Record Highs and Ratio Compression Signal Change
Gold and silver prices soared to unprecedented levels in the domestic futures market on January 23. MCX gold rates surged by 1.8% to breach the significant psychological barrier of ₹159,000 per 10 grams. Meanwhile, MCX silver futures demonstrated even more explosive momentum, rallying nearly 4% to reach ₹339,927 per kilogram.
The gold-silver ratio, a crucial metric traders use to gauge market trends and determine relative value between the two metals, has compressed dramatically from pandemic-era highs of approximately 127 to around 50 at the beginning of 2026. This compression indicates that a substantial portion of silver's catch-up trade has already materialized.

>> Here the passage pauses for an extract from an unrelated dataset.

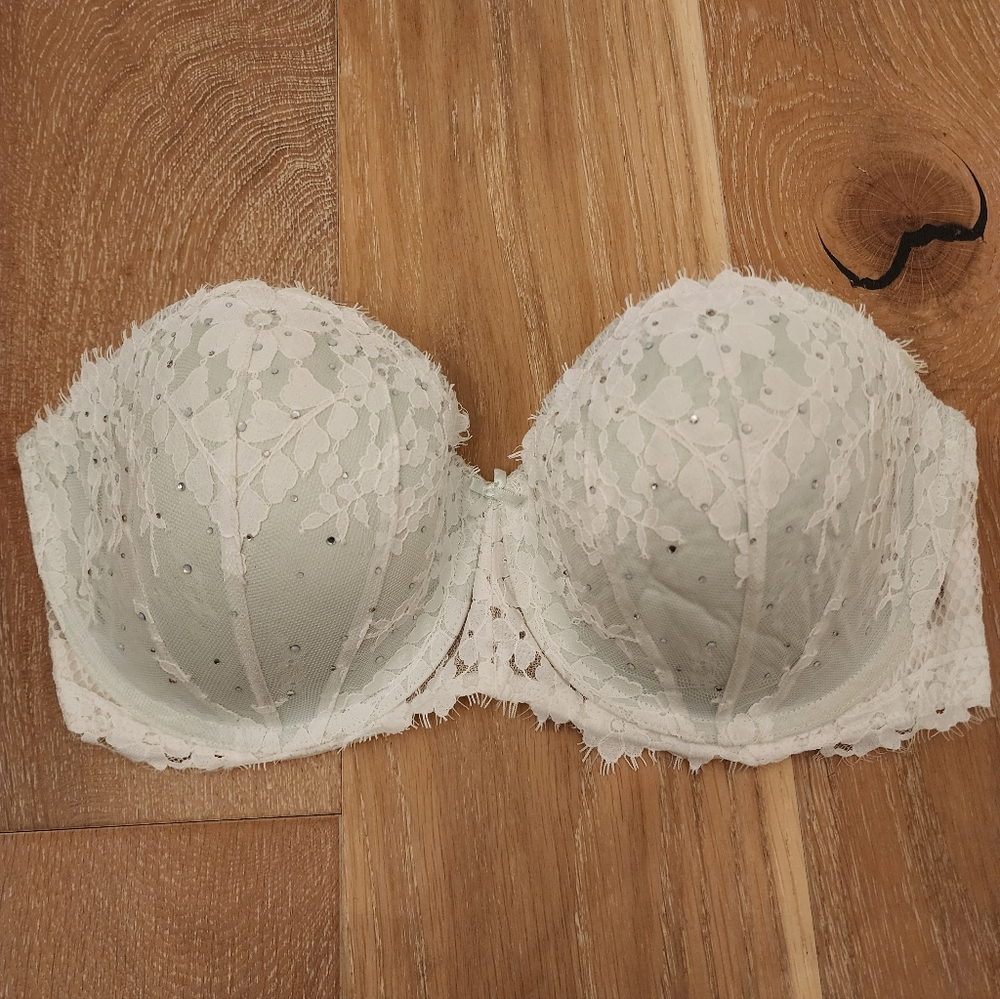 NWOT Victorias Secret Vintage Dream Angels Embelished 34DDD Bra W/ Remov. Straps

Historical Context and Analyst Insights
Navneet Damani, an analyst at Motilal Oswal, emphasized that this gold-silver divergence signals the need for investors to rebalance weightage in their portfolios. Historically, the gold-silver ratio maintains a long-term average near 70, making the current level of 50 exceptionally low. Damani noted that such extreme levels have proven historically unsustainable, with the ratio typically reverting to higher values over time.
"A move back toward 65–70 would imply relative outperformance of gold, supporting a higher allocation to gold as a risk-managed positioning, not a negative view on silver," Damani explained, highlighting that this strategic shift represents a defensive approach rather than bearish sentiment toward silver.
Volatility Dynamics Favor Gold Allocation
Another critical factor influencing this recommendation is the expanding volatility in silver markets. Silver has exhibited significantly wider daily price ranges and faster swings compared to its more stable counterpart. Gold, in contrast, continues to demonstrate trend stability with controlled pullbacks, making it a more predictable asset in turbulent market conditions.
Damani argues that increasing gold allocation would help smooth overall portfolio volatility while maintaining exposure to precious metals. After capturing a monumental move from ₹60,000 to ₹3,20,000, silver may enter a phase of consolidation or rebalancing at these elevated levels, further supporting the case for gold.
ETF Flows Reveal Investor Sentiment Shift
Supporting this analytical perspective, MOSL pointed out revealing data about investor behavior. Despite silver's strong price performance, global silver exchange-traded funds (ETFs) have experienced outflows exceeding 3 million ounces since the start of 2026. Conversely, gold ETFs have witnessed comparatively steadier inflows, reflecting a growing investor preference for more defensive positioning amid market uncertainty.
Strategic Portfolio Recommendations
In response to these market dynamics, MOSL suggests a revised allocation strategy for precious metals exposure. The brokerage recommends a 75% allocation to gold with only 25% to silver, indicating a clear preference for gold as a relatively steadier hedge in the current environment.
"Going forward, we believe investors can benefit from a rebalanced precious metals strategy—retaining silver as a long-term structural theme, while increasing gold allocation to manage near-term volatility and capture a potentially stronger risk-adjusted opportunity in the next phase of the cycle," Damani added, outlining a nuanced approach that acknowledges both metals' roles in a comprehensive investment strategy.
This analysis comes with an important disclaimer that the views and recommendations expressed belong to individual analysts and broking firms, not Mint. Investors are strongly advised to consult with certified financial experts before making any investment decisions based on market commentary.